---
title: "Parameterization of Response Distributions in brms"
author: "Paul Bürkner"
date: "`r Sys.Date()`"
output:
  rmarkdown::html_vignette:
    toc: yes
vignette: >
  %\VignetteIndexEntry{Parameterization of Response Distributions in brms}
  %\VignetteEngine{knitr::rmarkdown}
  \usepackage[utf8]{inputenc}
---

The purpose of this vignette is to discuss the parameterizations of the families
(i.e., response distributions) used in brms.

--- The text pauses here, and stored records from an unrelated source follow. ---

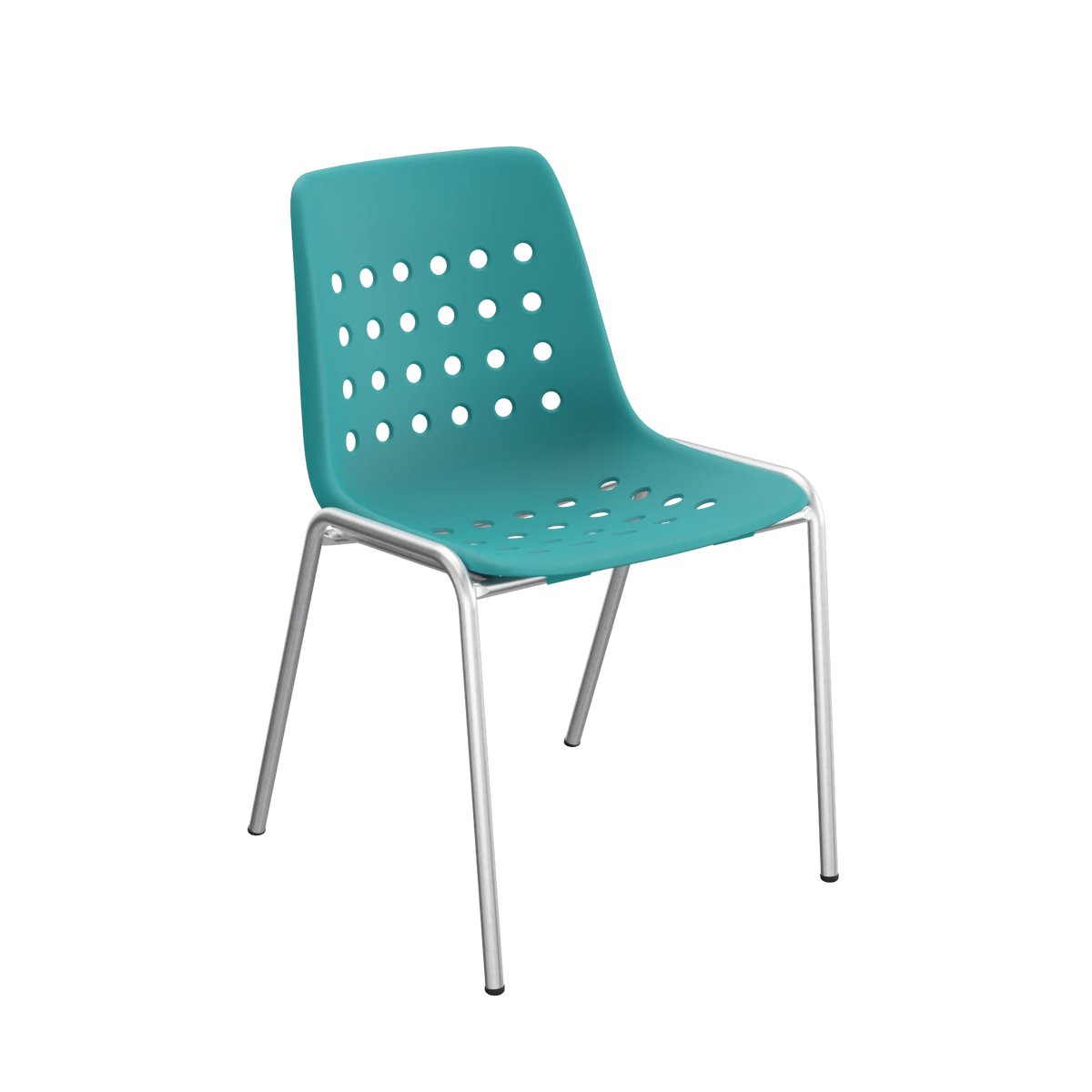 Schaffner Bermuda Schalenstuhl ohne Armlehne feuerverzinkt Kaliblau
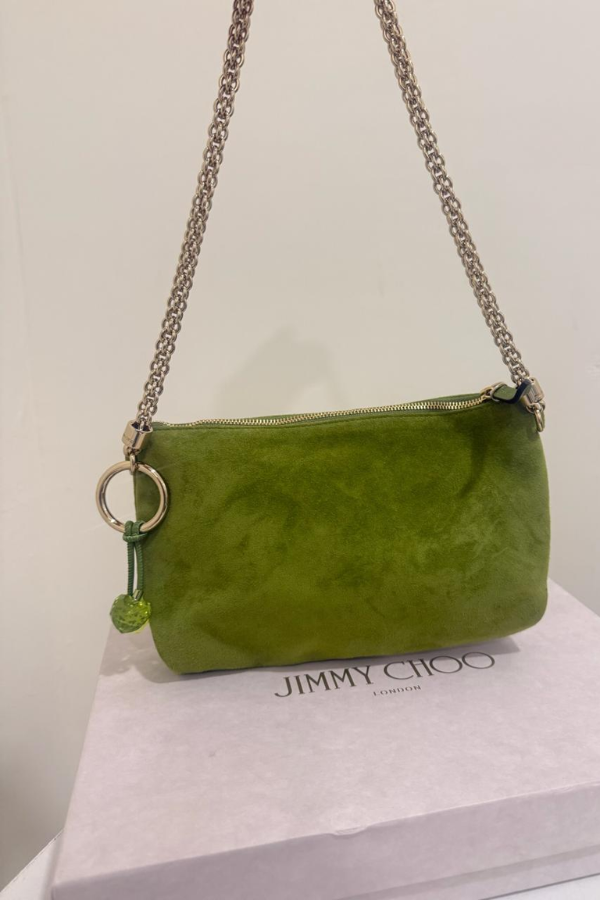 Jimmy Choo callie mini match suede bag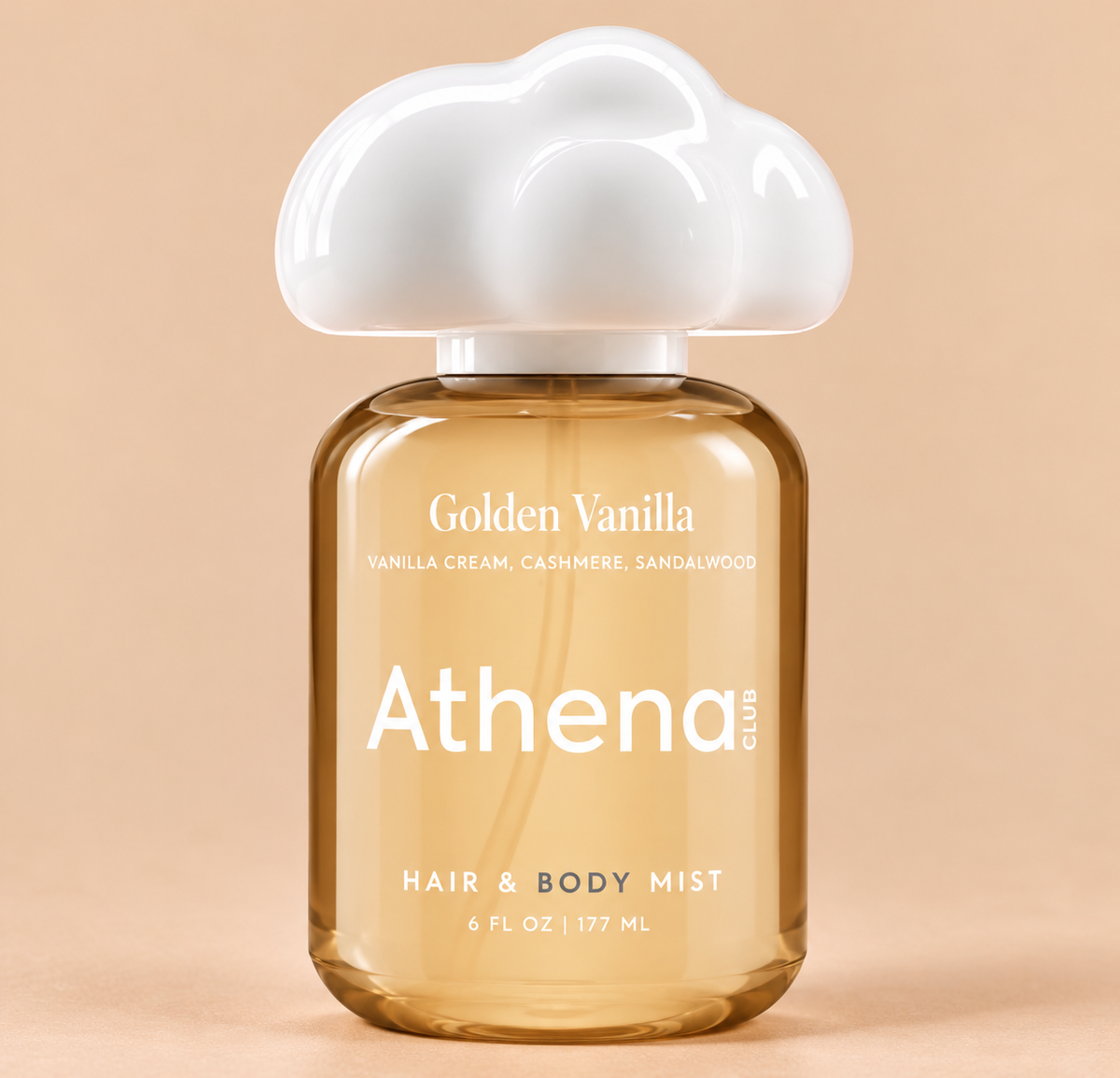 Athena Club Golden Vanilla Hair & Body Mist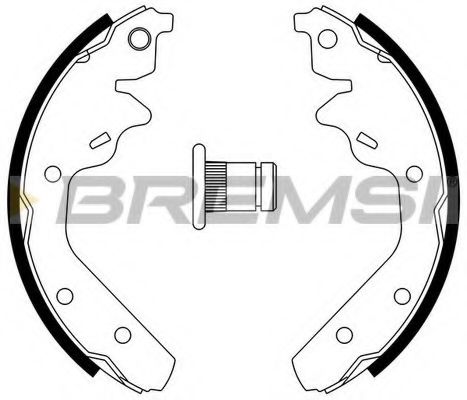 BREMSI GF4519 Тормозные колодки барабанные BREMSI для CHRYSLER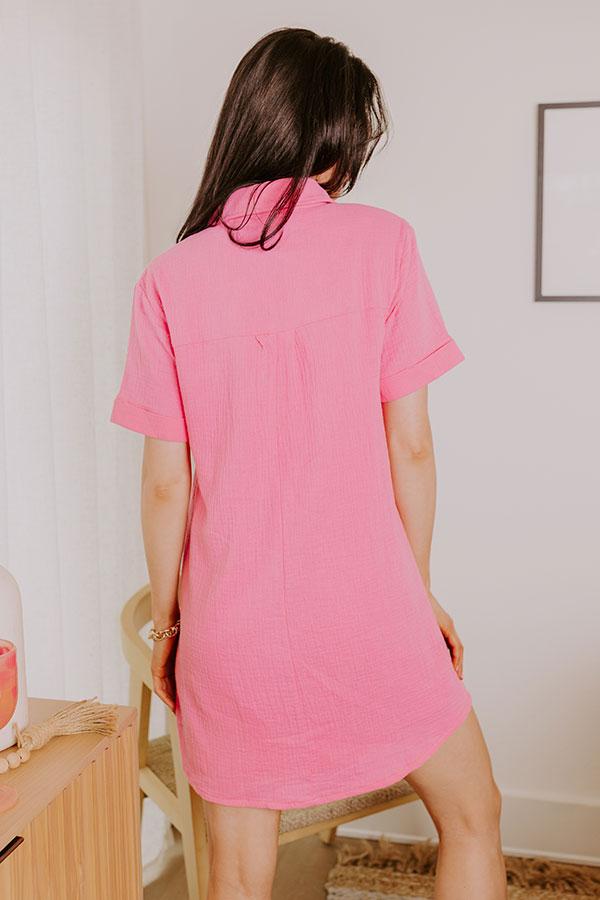 Boardwalk Cutie T-Shirt Mini Dress in Bubblegum Pink Product Image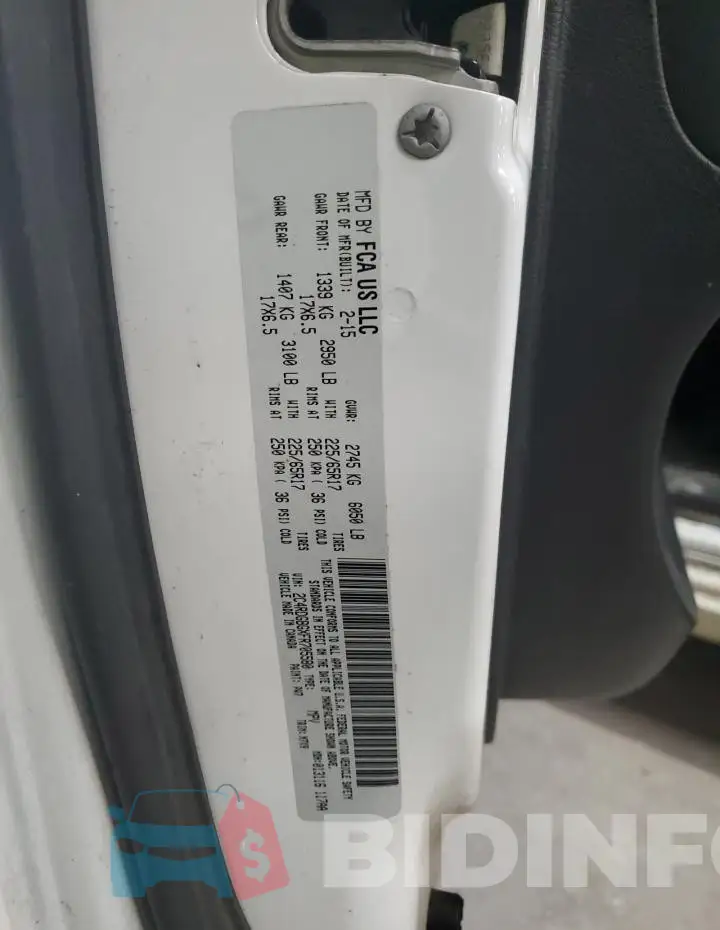 2C4RDGBGXFR705580 Photo# 13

For a more general overview of
the package see `vignette("brms_overview")`.

## Notation

Throughout this vignette, we denote values of the response variable as $y$, a
density function as $f$, and use $\mu$ to refer to the main model parameter,
which is usually the mean of the response distribution or some closely related
quantity. In a regression framework, $\mu$ is not estimated directly but
computed as $\mu = g(\eta)$, where $\eta$ is a predictor term (see
`help(brmsformula)` for details) and $g$ is the response function (i.e.,
inverse of the link function).

## Location shift models

The density of the **gaussian** family is given by
$$
f(y) = \frac{1}{\sqrt{2\pi}\sigma} \exp\left(-\frac{1}{2}\left(\frac{y - \mu}{\sigma}\right)^2\right)
$$

where $\sigma$ is the residual standard deviation. The density of the
**student** family is given by
$$
f(y) = \frac{\Gamma((\nu + 1)/2)}{\Gamma(\nu/2)} \frac{1}{\sqrt{\nu\pi}\sigma}\left(1 + \frac{1}{\nu} \left(\frac{y - \mu}{\sigma}\right)^2\right)^{-(\nu+1)/2}
$$

$\Gamma$ denotes the gamma function and $\nu > 1$ are the degrees of freedom. As
$\nu \rightarrow \infty$, the student distribution becomes the gaussian
distribution. The density of the **skew_normal** family is given by
$$
f(y) = \frac{1}{\sqrt{2\pi}\omega}
 \exp\left(-\frac{1}{2} \left(\frac{y - \xi}{\omega}\right)^2  \right)
\left(1 + \text{erf} \left( \alpha \left(\frac{y - \xi}{\omega \sqrt{2}} \right) \right) \right)
$$

where $\xi$ is the location parameter, $\omega$ is the positive scale parameter,
$\alpha$ the skewness parameter, and $\text{erf}$ denotes the error function of
the gaussian distribution. To parameterize the skew-normal distribution in terms
of the mean $\mu$ and standard deviation $\sigma$, $\omega$ and $\xi$ are
computed as
$$
\omega = \frac{\sigma}{\sqrt{1 - \frac{2}{\pi} \frac{\alpha^2}{1 + \alpha^2}}}
$$

$$
\xi = \mu - \omega \frac{\alpha}{\sqrt{1 + \alpha^2}} \sqrt{\frac{2}{\pi}}
$$

If $\alpha = 0$, the skew-normal distribution becomes the gaussian distribution.
For location shift models, $y$ can be any real value.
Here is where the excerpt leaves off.